Fenstermaker is notable for volunteering to serve detainees at Guantanamo Bay detention camp in their attempts to access the U.S. justice system. According to the American Lawyer magazine, there are insufficient lawyers with experience defending death sentence cases to assist the Guantanamo detainees charged with capital offenses.

In a series of court documents Fenstermaker described difficulties meeting with, and corresponding with Guantanamo detainees.

He described writing to, and receiving authorization to serve as the counsel for two of the fourteen "high value detainees" transferred to military custody in Guantanamo from covert detention in the CIA's network of black sites in September 2006.

On June 1, 2009, the New York Times published an article about the dispute over who was going to represent
Ahmed Ghailani, the first Guantanamo detainee to be transferred from military custody to face trial in the US civilian court system.
According to the article Judge Kevin Thomas Duffy ordered an explanation from Fenstermaker as to how he became Ghailani's lawyer.

===Civil Action No. 08-cv-1085===
Civil Action No. 08-cv-1085 is a writ of habeas corpus filed after the U.S. Supreme Court ruling in Boumediene v. Bush.

Fenstermaker and another team of lawyers have both filed petitions on behalf of Rahim Al Nashiri—one of the fourteen "high value detainees" transferred from CIA's network of secret interrogation centers known as "black site."

On October 3, 2008 Judge Thomas F. Hogan ordered Fenstermaker to show cause why the petition he filed on behalf of Al Nashiri shouldn't be dismissed, as a duplication of Civil Action No. 08-cv-1207. Hogan wrote that 08-cv-1207, filed on behalf of Al Nashiri by lawyers in the office of the Nevada Public Defender had been directly authorized, whereas Fenstermaker's was not. Fenstermaker replied that he had a longer history with Al Nashiri than the Nevada lawyers and that he had letters authorizing him to act on behalf of Al-Nashiri, whereas the Nevada lawyers do not.

On January 6, 2009, Fenstermaker submitted a "proposed order" to Thomas F. Hogan.
The proposed order would have ordered the Department of Defense to stop interfering with Fenstermaker's ability to communicate with Ammar Al Baluchi and Mustafa Bin Ammad Al Hawsawi, and to allow Fenstermaker to travel to Guantanamo to meet with them.

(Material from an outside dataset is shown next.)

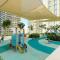 Beachfront Bliss - Apartment with Pool and Premium Amenities - Dubaj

On January 13, 2009, Hogan issued the order that Fenstermaker had proposed.

On March 25, 2009, Fenstermaker filed a "preliminary statement" in Ammar al-Baluchi v. Robert Gates.
His statement was a response to a March 2, 2009, filing from the Department of Justice which they called an "Opposition to motion to file a document under seal".
Fenstermaker said that Al Baluchi had authorized him to serve as his attorney in a letter he drafted on May 26, 2008, but that the letter had not reached him until August 2008.

Fenstermaker told the court that he still hadn't been allowed to meet with Al Baluchi, that physical letters were the only way he and Al Baluchi had communicated, and that since July 2008 the Department of Defense had been returning his letters to him, rather than delivering them.
Consequently, he told the court, Al Baluchi was unaware of the activities he was taking on his behalf.
Fenstermaker told the court that the new letter of authorization the Department of Justice was arguing he should be required to file was not reasonable, since the Department of Defense was interfering with his ability to send and receive mail with Al Baluchi.

===Criminal charges and suspension===
In November 2022, Fenstermaker was charged with trespassing, assault, reckless conduct, and attempted theft. He moved to Maine and was suspended from the practice of law for three years in March of 2024.